In the first week of April 1995, near  "April Fool's Day," 48-year-old Lucilla (Lucie) Ayer was named  the de-facto planning-czar, executive director of Hillsborough county's arcane, agenda driven long range transportation planning agency -- the  Metropolitan Planning Organization (MPO).  Ayer, an alumna of the University of Miami where she graduated cum laude with a master's degree in urban and regional planning and an undergraduate degree in urban sociology, was hired into her then new position at a starting salary of  $84,000 and placed in charge of the MPO's 25 person planning bureaucracy. 

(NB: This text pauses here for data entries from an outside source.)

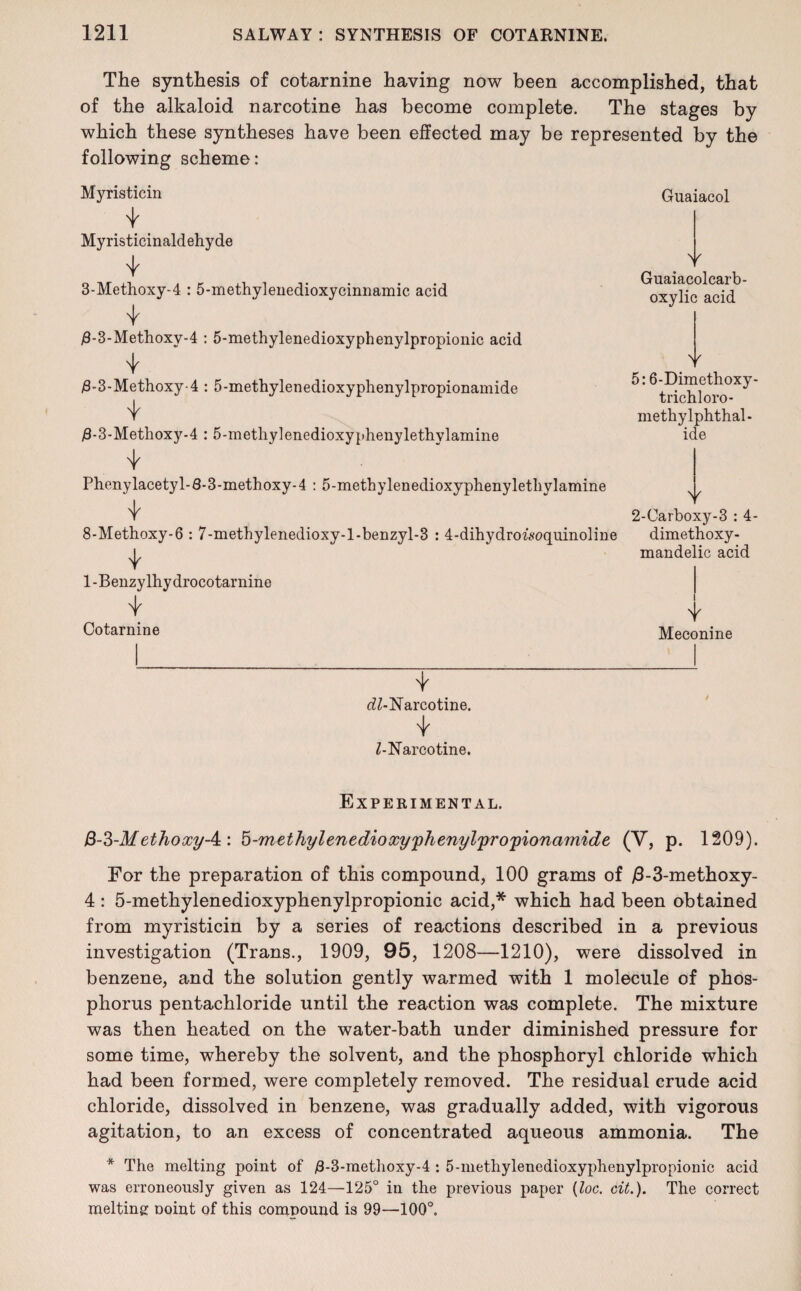 The synthesis of cotarnine having now been accomplished, that of the alkaloid narcotine has become complete. The stages by which these syntheses have been effected may be represented by the following scheme: Myristicin Myristicinaldehyde 3-Methoxy-4 : 5-methylenedioxycinnamic acid #-3-Methoxy-4 : 5-methylenedioxyphenylpropionic acid $-3-Methoxy-4 : 5-methylenedioxyphenylpropionamide #-3-Methoxy-4 : 5-metliylenedioxyphenylethylamine Phenylacetyl-8-3-methoxy-4 : 5-methylenedioxyphenylethylamine 8-Methoxy-6 : 7-methylenedioxy-l-benzyl-3 : 4-dihydroMoquinoline 1-Benzylhydrocotarnine 4 Cotarnine Guaiacol Y Guaiacolcarb- oxylic acid Y 5:6-Dimethoxy- trichloro- methylphthal- ide Y 2-Carboxy-3 : 4- dimethoxy- mandelic acid Y Meconine t <7Z-Narcotine. Z-Narcotine. Experimental. B-3-M ethoxy-^: 5-methylenedioxyphenylpropionamide (V, p. 1209). For the preparation of this compound, 100 grams of j6-3-methoxy- 4 : 5-methylenedioxyphenylpropionic acid,* which had been obtained from myristicin by a series of reactions described in a previous investigation (Trans., 1909, 95, 1208—1210), were dissolved in benzene, and the solution gently warmed with 1 molecule of phos¬ phorus pentachloride until the reaction was complete. The mixture was then heated on the water-bath under diminished pressure for some time, whereby the solvent, and the phosphoryl chloride which had been formed, were completely removed. The residual crude acid chloride, dissolved in benzene, was gradually added, with vigorous agitation, to an excess of concentrated aqueous ammonia. The * The melting point of 8-3-methoxy-4 ; 5-methylenedioxyphenylpropionic acid was erroneously given as 124—125° in the previous paper (loc, cit.). The correct melting noint of this compound is 99—100°.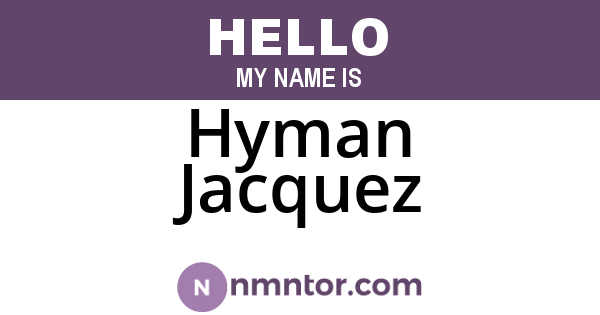 Hyman Jacquez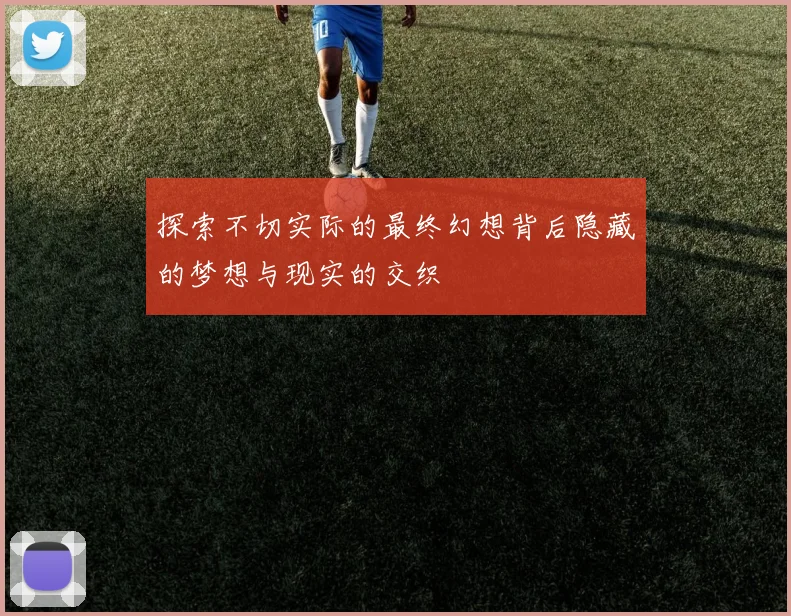 探索不切实际的最终幻想背后隐藏的梦想与现实的交织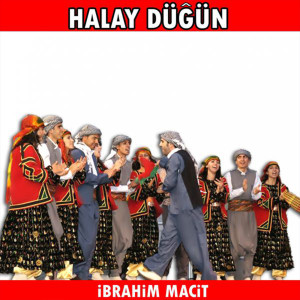 Listen to Halay Düğün song with lyrics from İbrahim Macit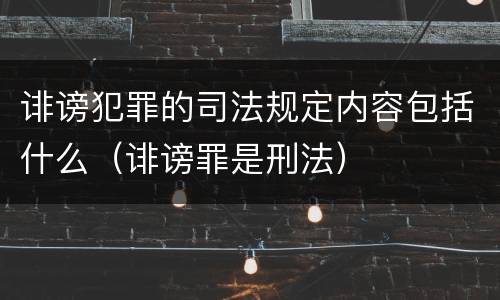 诽谤犯罪的司法规定内容包括什么（诽谤罪是刑法）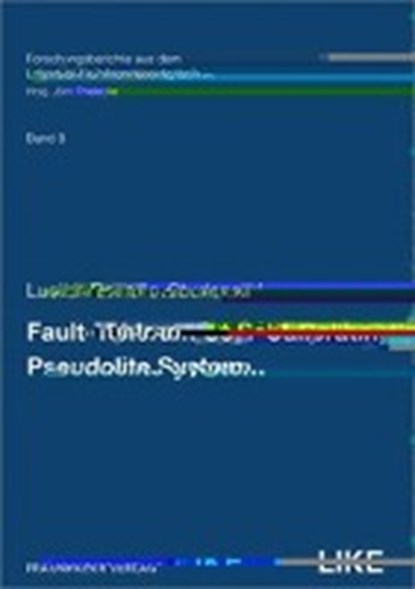 Fault-Tolerant Self-Calibrating Pseudolite System., PATIÑO-STUDENCKI,  Lucila - Paperback - 9783839609620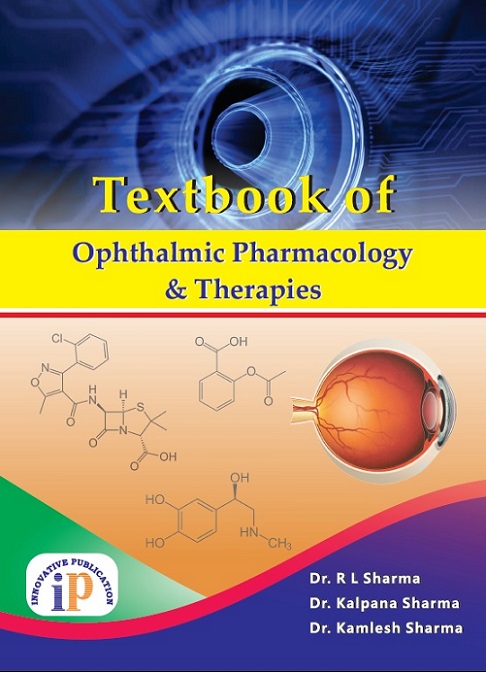 Textbook Of Ophthalmic Pharmacology And Therapies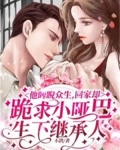 他睥睨众生，回家却跪求小哑巴生下继承人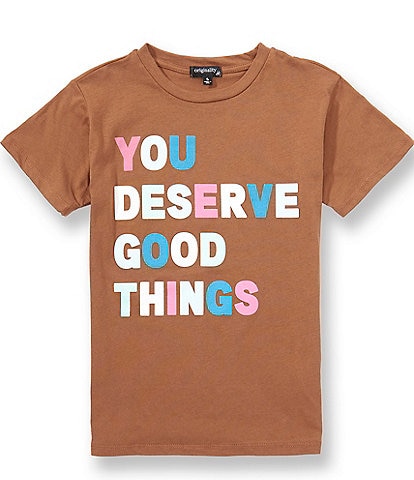 Originality Big Girls Short Sleeve U Deserve Good Things Tee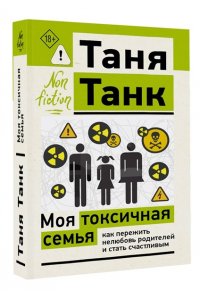 Танк Т. Моя токсичная семья: как пережить нелюбовь родителей и стать счастливым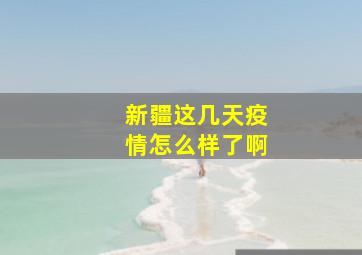 新疆这几天疫情怎么样了啊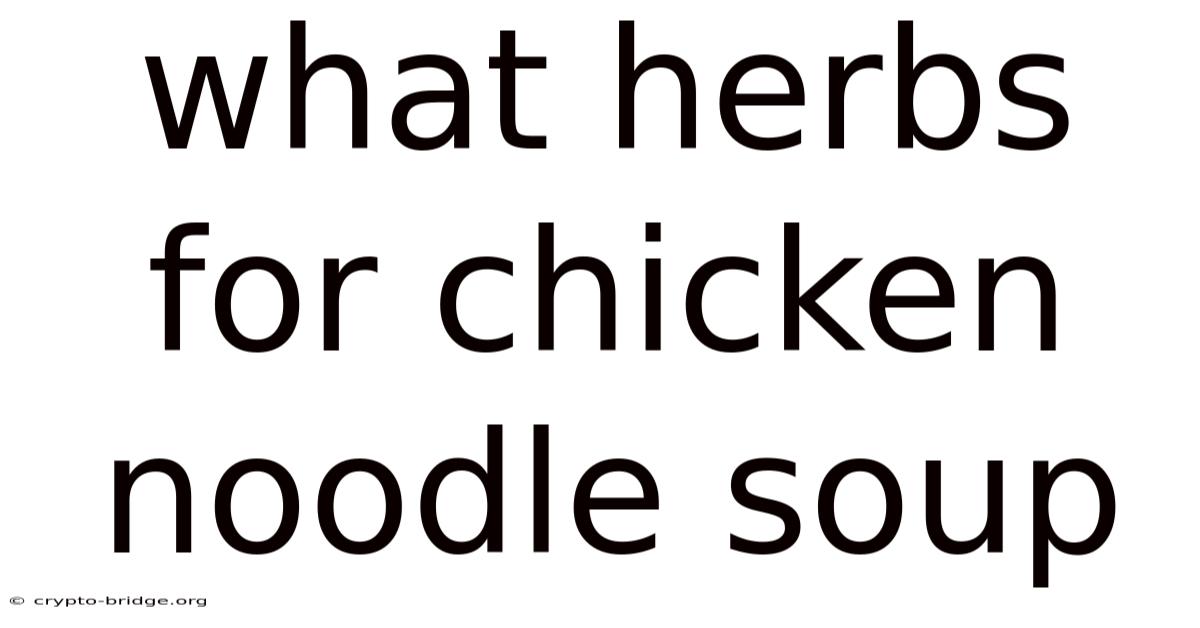 What Herbs For Chicken Noodle Soup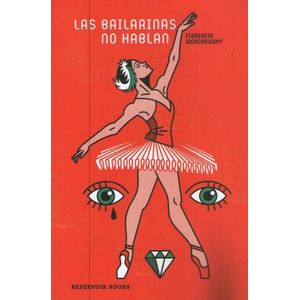 LAS BAILARINAS NO HABLAN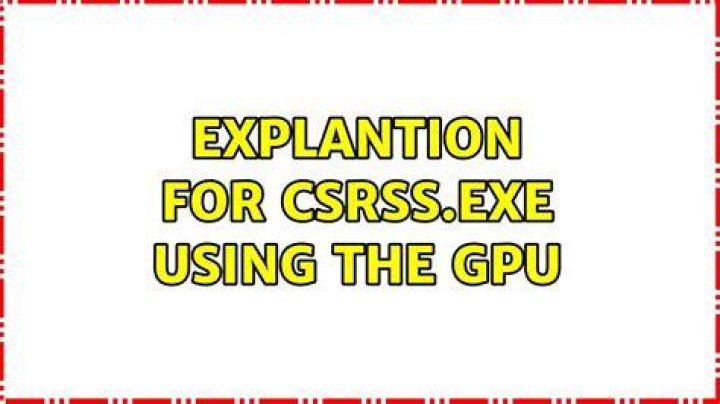 Explantion for CSRSS.EXE using the GPU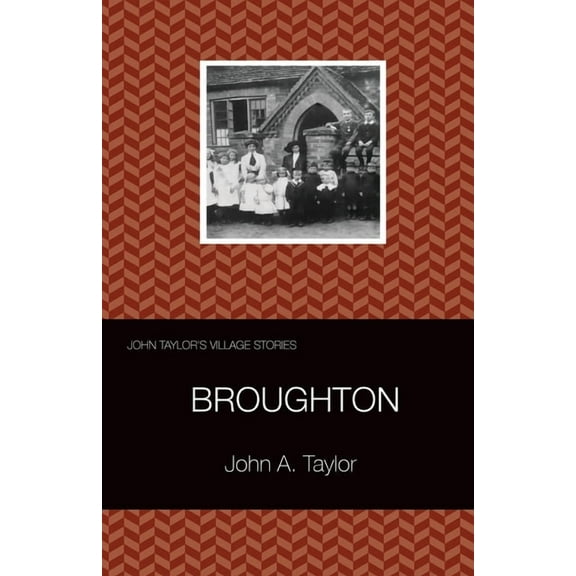 John Taylor's Village Stories: 1 Broughton, (Paperback)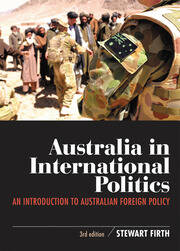 Australia in International Politics: An introduction to Australian foreign policy book cover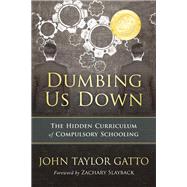 Dumbing Us Down by Gatto, John Taylor; Slayback, Zachary, 9780865718548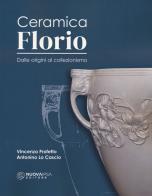 Ceramica Florio. Dalle origini al collezionismo di Antonino Lo Cascio, Vincenzo Profetto edito da Nuova IPSA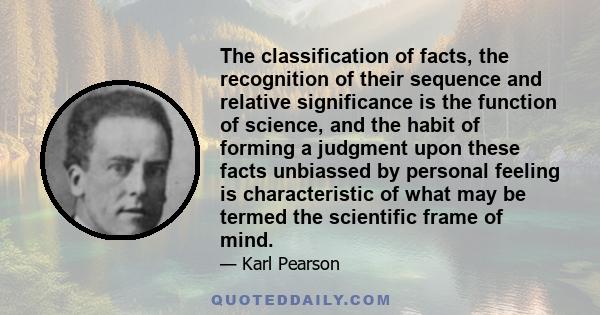 The classification of facts, the recognition of their sequence and relative significance is the function of science, and the habit of forming a judgment upon these facts unbiassed by personal feeling is characteristic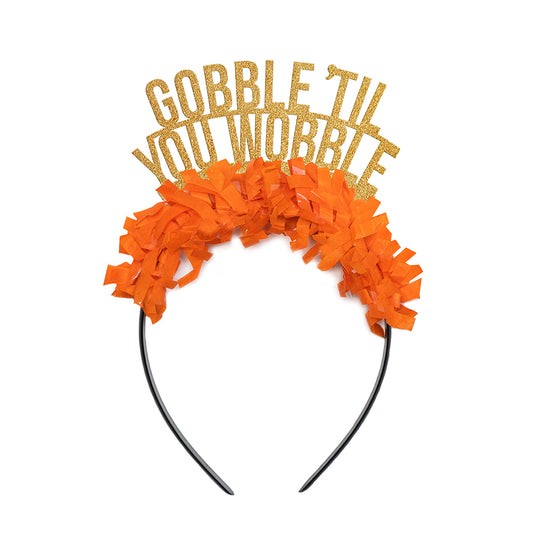 Gobble 'til You Wobble Thanksgiving Party Crown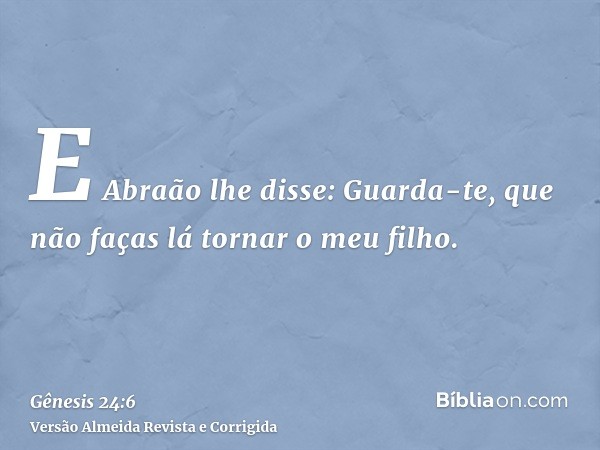 E Abraão lhe disse: Guarda-te, que não faças lá tornar o meu filho.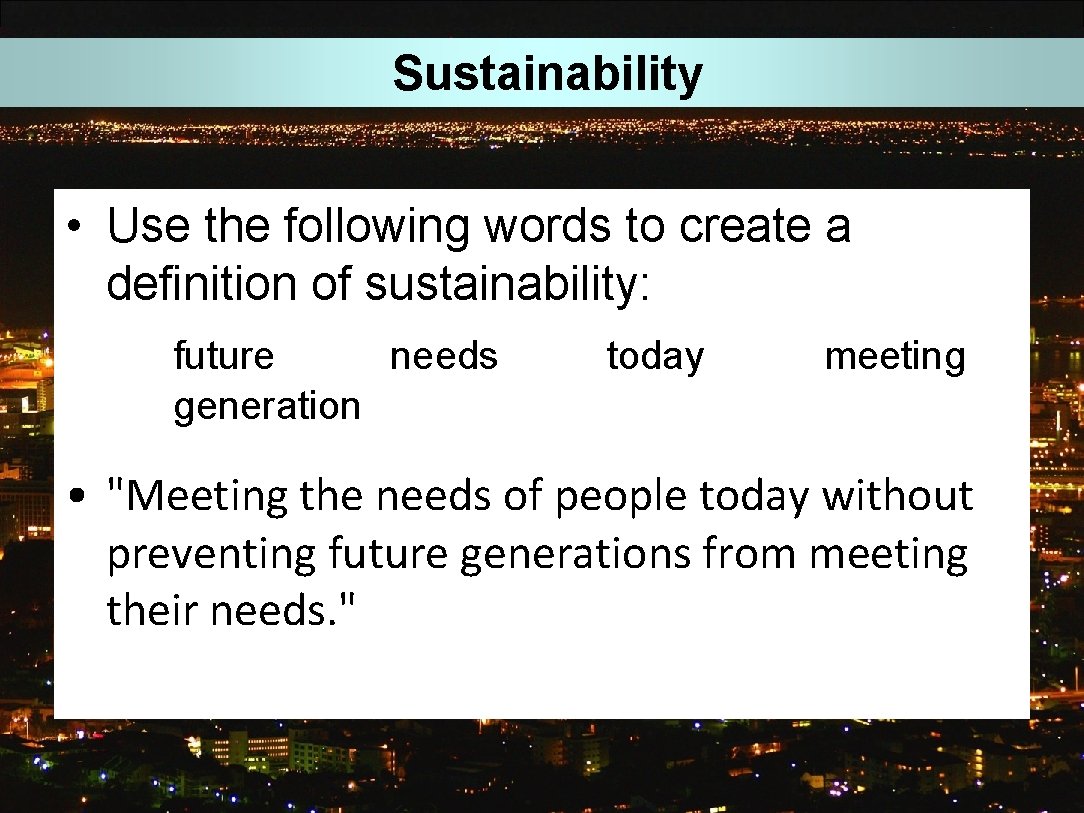 Sustainability • Use the following words to create a definition of sustainability: future needs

Ayer's career path to this position, gained over 65 other applicants, was carefully  orchestrated by her boss,  long-time friend and mentor,  Tom Thomson who had previously resigned as MPO director  in November.  For years, Thomson had been Ayer's most constant and dependable supporter.  In fact, it had been Thomson six-years earlier in 1989,  who had mentored  Lucilla to the Hillsborough county MPO from a Miami post with the Florida Department of Transportation (FDOT), itself a position for which he had earlier hired her. Explained Thomson, "I've hired her twice, and I know she is coming to this job [MPO executive director] with all the qualities and talents she needs. Her experience with the MPO will let her get a running start. She already knows the board members and she knows the issues." 

Robert Hunter, executive director of the Hillsborough County City-County Planning Commission, concurred in  Thomson's recommendation and effected the final hiring decision. On the occasion of Ayer's posting  Hunter explained: "She has a unique background and an intimate knowledge of state and federal laws. It was Ayer's work previous post with the Metro-Dade Transit Agency and experience administrating both aviation, rail, road and transit projects that impressed interviewers. She has a working knowledge of how Metro-Dade developed its multi-modal [rail in particular] operations that we can use in this community." In layman's terms,  Ayer had been a "good soldier" and dependable functionary in that massive economic disaster and  Taxpayer transit ripoff   known as Metro-Dade's MetroRail Metro Mover transit system. 

In truth,  perhaps Ayer's most attractive professional qualifications to mentors Thomson and Hunter was their shared perception of her devotion and willingness to serve the planning establishments relentless and wrong-headed crusade to push  their pet transit fetish -- light rail;  a bias  "signaled" in an earlier Hunter quote:  "We can never build enough roads, so the community is looking to other modes of transportation [rail]."  Like an impassioned firefly, Ayer had enthusiastically  "signaled" back to her "Railist" mentors that her "...background ..." made her: "...more receptive to nontraditional transportation ideas [particularly rail]..." and, " form of transportation shouldn't be pitted [economically evaluated] against another." 

 Miscellaneous Ayer Quotes: 
  • "My biggest challenge is forming a community consensus of what it wants its transportation to be in the future."
  • "We have to give the community options. They have to know what they will be getting for what they pay for." 
  • "I want to "de-mystify" the planning process and make it more accessible to the public."
  • "People are going to have to make some tough decisions. We have limited resources. It is a matter of determining how we are going to divide them." 
  • "We need to strive for efficiency. We owe that to the people because we are using their tax dollars."